曾国藩负责处理天津教案一事,然而在此事发生前后,他常常陷入深深的自责之中。
他曾经感叹道:“外惭清议,内疚神明”,这句话充分显示出他内心深处尚存良知以及对国家深沉的热爱之情。
尽管如此,他之所以会采取那样的处理方式,其中一个关键因素在于他对于国家和民族所拥有的力量已然丧失了信心。
在强大的外国势力面前,他唯恐因为得罪洋人而引发大规模的冲突与纷争,从而酿成无法收拾的“大祸”。
此外,当时曾国藩的健康状况已经极为糟糕,无论是身体上的体力还是思维上的脑力,都已经处于极度衰退的状态。
面对如此错综复杂且影响重大的案件,他实在感到力不从心,难以妥善应对。这无疑成为导致他在处理天津教案时表现不佳的又一重要缘由。
与此同时,曾国藩还将一部分责任归咎于崇厚对他的误导。
在写给儿子曾纪泽的信件当中,他反复提及:“诸事唯崇公之言是听……最终落得名裂而无法挽救自身失败的下场。”
并且表示:“之前由于受到崇厚的错误引导,自己过于软弱妥协;从今往后,应当独立自主地做出决策。
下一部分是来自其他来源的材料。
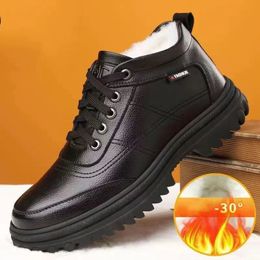 Boots Winter Leather Men with Fur Mens Bussiness Cotton Casual Warm Snow Nonslip Leisure Bota 231108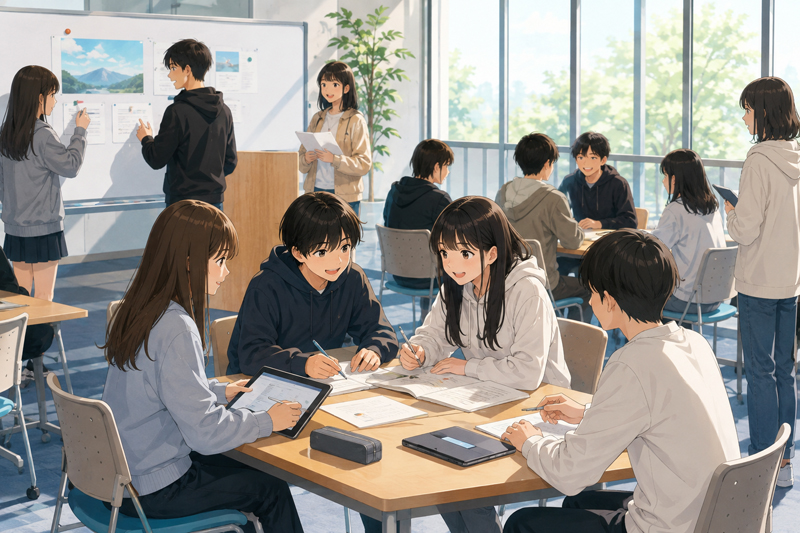 アイスブレーク中の生徒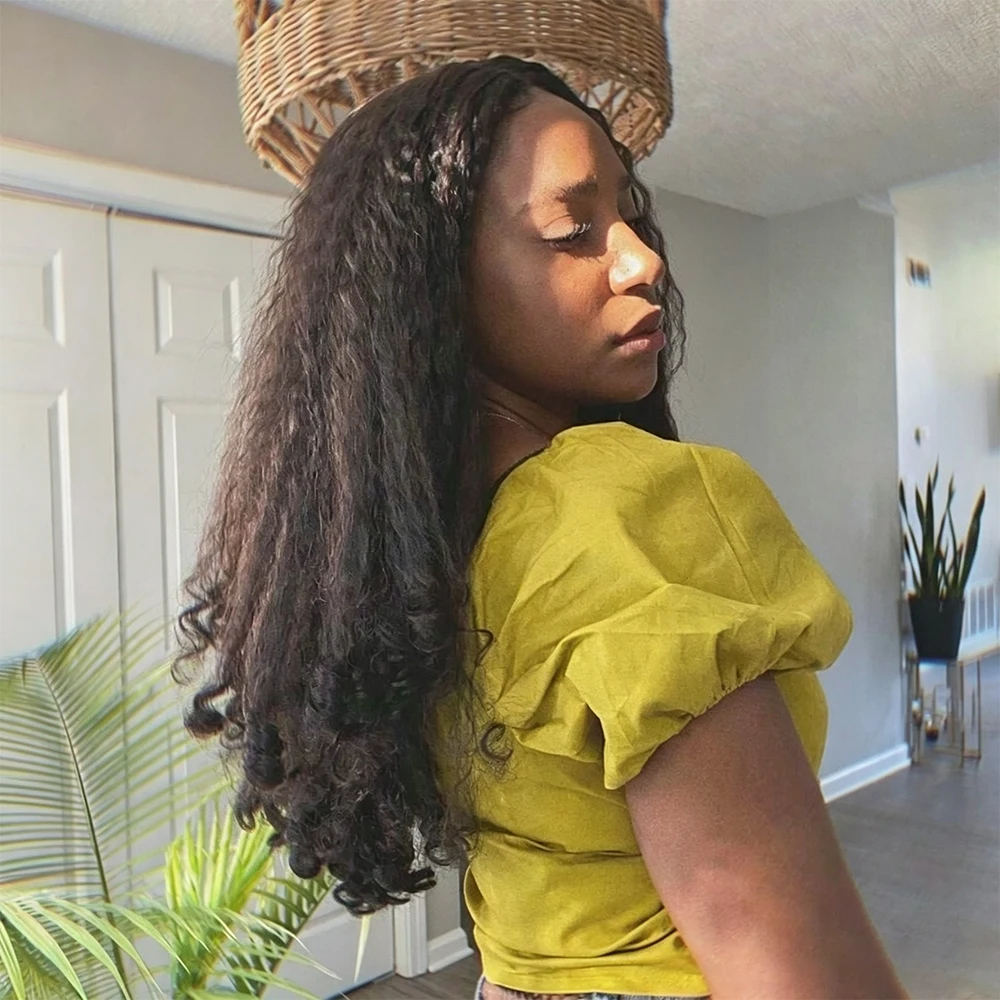 Kinky Straight Burmese V Part Kinky Curly Wig Glueless None Lace Wig Wear And Go Yaki Straight With Spiral Curly End For Women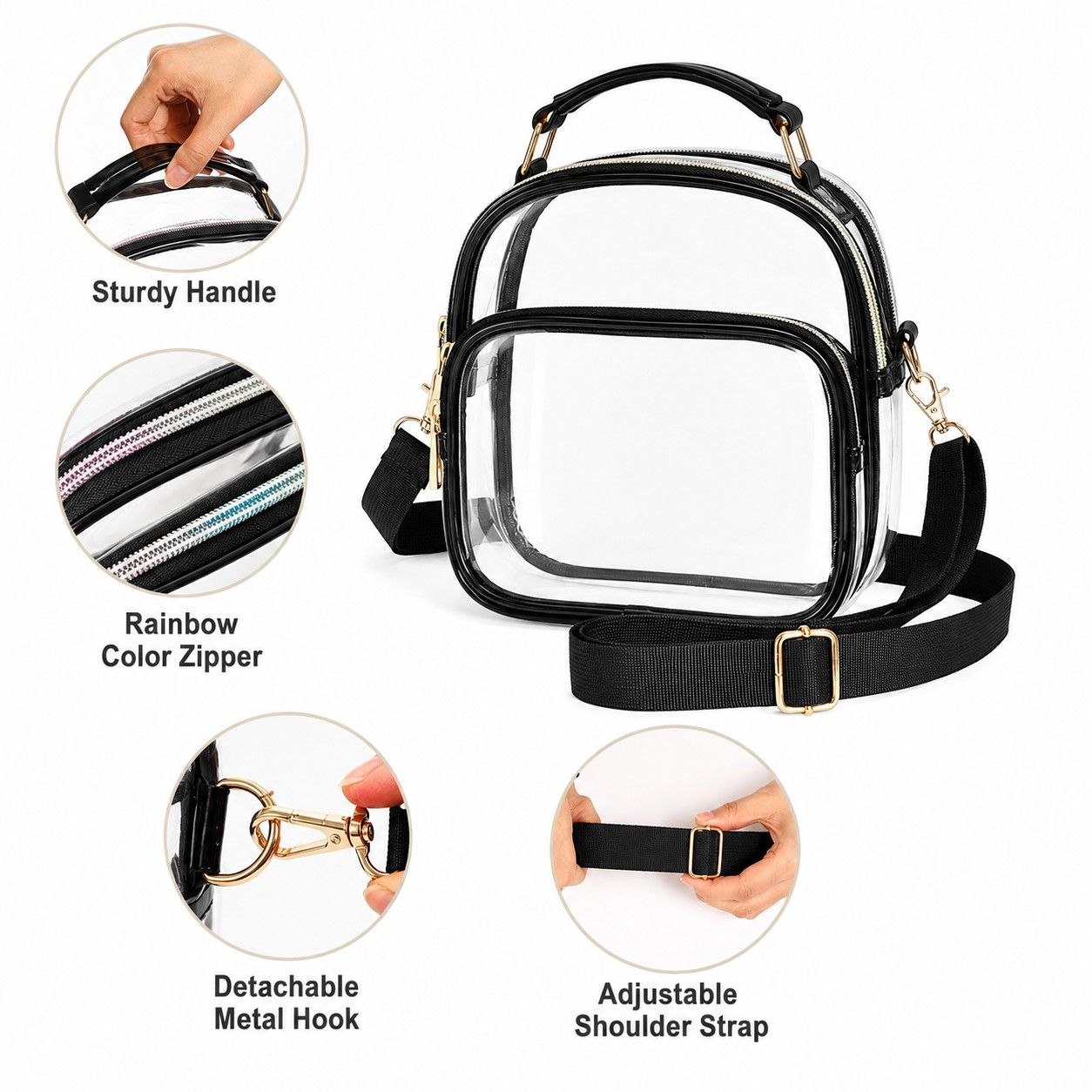 Clear Crossbody Bag with Phone Pocket and Adjustable Strap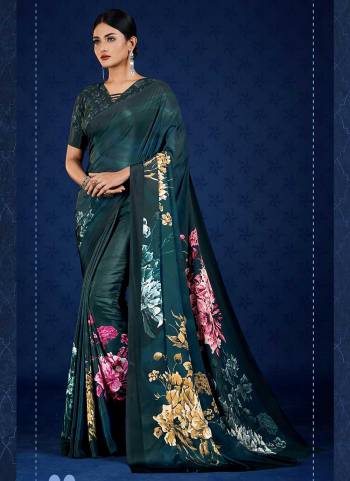 Grab These Fine Colored Saree Pair With Blouse.These Saree And Blouse Are Fabricated On Crepe.Its Beautified With Fancy Designer Printed Work.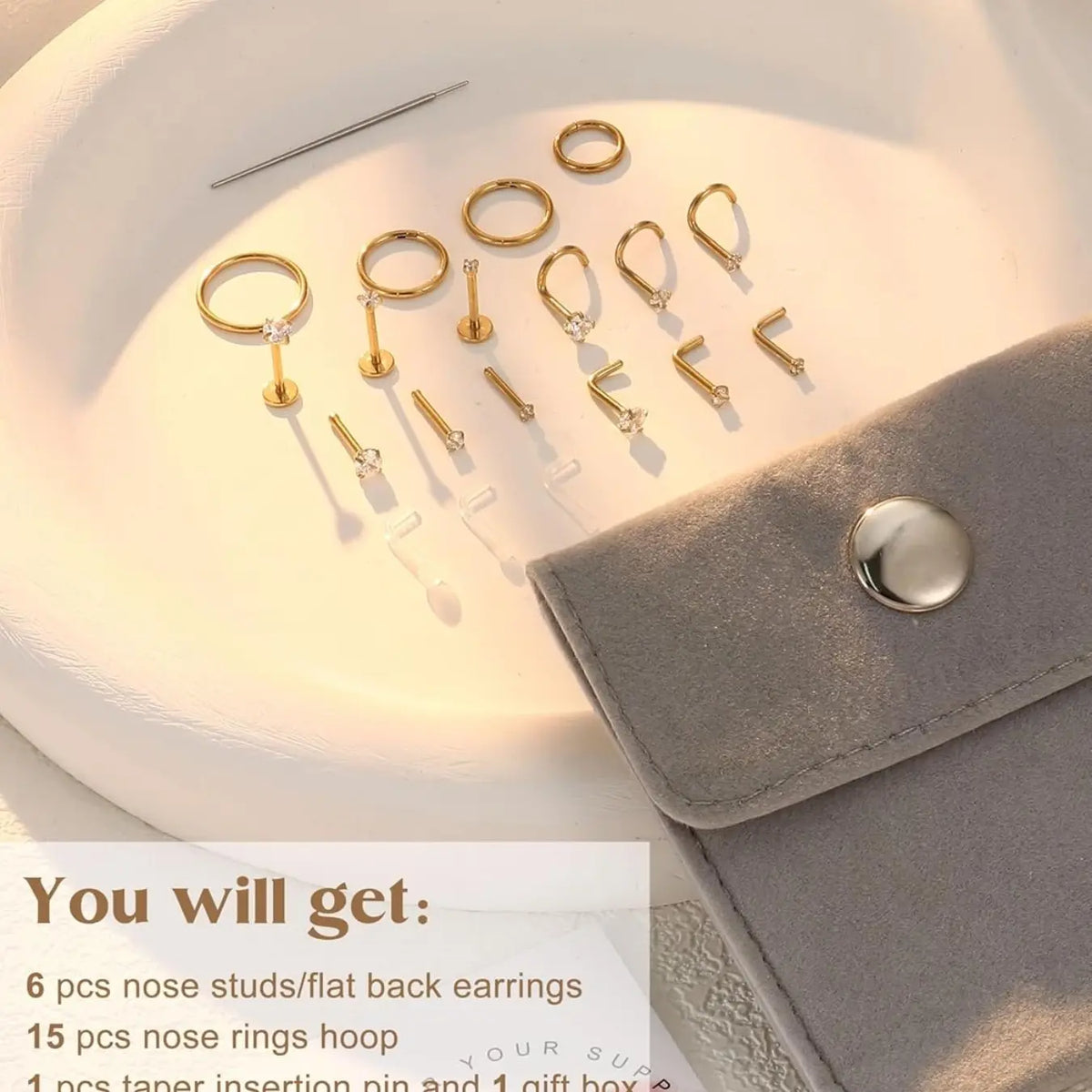 Gold Filled Nose Rings Studs Hinged Nose Hoops for Women Men: Body Piercing Jewelry 20G 18G 316L Surgical Stainless Steel Hypoallergenic Dainty Simulated Diamond L Shaped/Corkscrew/Straight/Push Back Nostril Piercing Jewelry with Rhinestone Nose Ring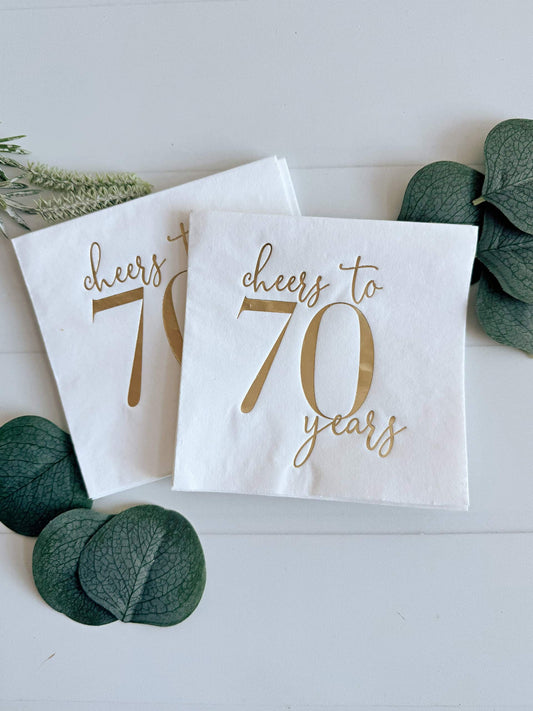 Cheers to 70 Years Cocktail Napkins – White & Gold Foil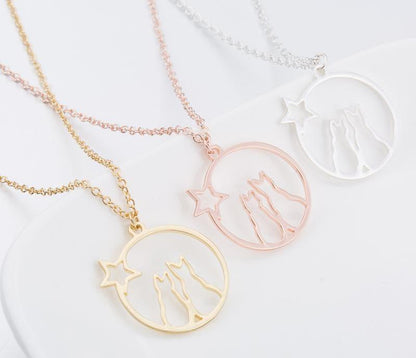 Cute Animal Cats Star Necklace (3 Colors)
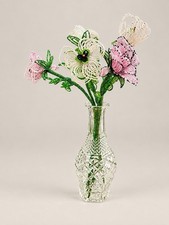Vintage French Beaded Flower Bouquet 5 Tall Exotic Flowers 19  Pink Cream Black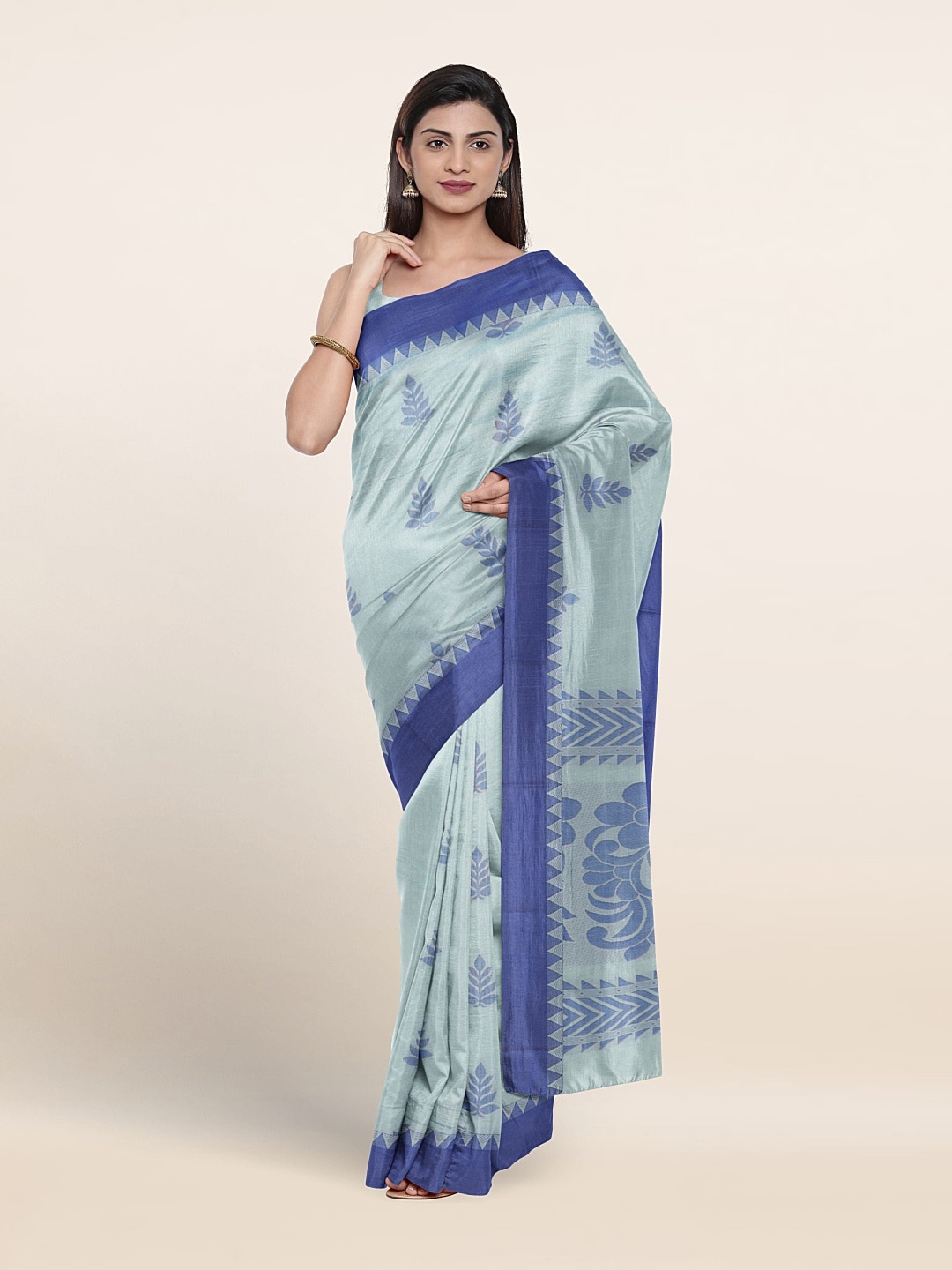 

Pothys Ethnic Motifs Woven Design Silk Cotton Saree, Blue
”
不过,将所有责任完全推卸到崇厚身上显然并非实事求是的态度。
事实上,在整个事件的发展过程中,曾国藩本人也存在着诸多判断失误和处置不当之处。
诚然,崇厚乃是一个昏庸无能、腐败堕落的满族大臣,其后更是沦为臭名昭着的大卖国贼。
在处理天津教案时,此人出了诸多馊主意,着实令人愤恨不已。
然而,归根结底,此事还是得归咎于曾国藩自身意志不坚,缺乏主见,过于软弱柔顺。
要知道,曾国藩当时的声望和地位远高于崇厚,可他一直对那些有着皇室背景撑腰的满族大臣心怀畏惧。
数年前,曾国全毅然决然地上书弹劾官文,曾国藩得知此事后,犹如惊弓之鸟一般,惶恐不安,仿佛一场巨大的灾难即将降临到自己头上。
于是,他匆忙写信给曾国荃加以斥责,生怕因此而惹恼了那些满族权贵。
相较之下,左祖棠在对待满族大臣的态度上则与曾国藩迥然不同。
左祖棠心里自然明白,轻易去招惹满族大臣绝非明智之举,也曾对儿子孝威言道:“跟旗员发生争执拌嘴,往往会自讨苦吃。”
不过,一旦遇到关乎国家利益的重大原则性问题,左祖棠便绝不会有丝毫退让之意。
曾经,左祖棠就因为某些事情与穆图善据理力争,毫不示弱。
不仅如此,他还上奏朝廷请求将穆图善所率领的部队予以遣散撤离。
因为穆屠善在宁夏府的军队对于革命军造成不了任何伤害。
另外,对于成禄这个人,左宗棠也是多次上奏参劾,最终使得成禄遭到缉拿审讯。
由此可见,在维护国家利益的道路上,左宗棠始终坚定不移,勇往直前。
左宗棠和曾国藩在年轻的时候便是亲密无间的挚友。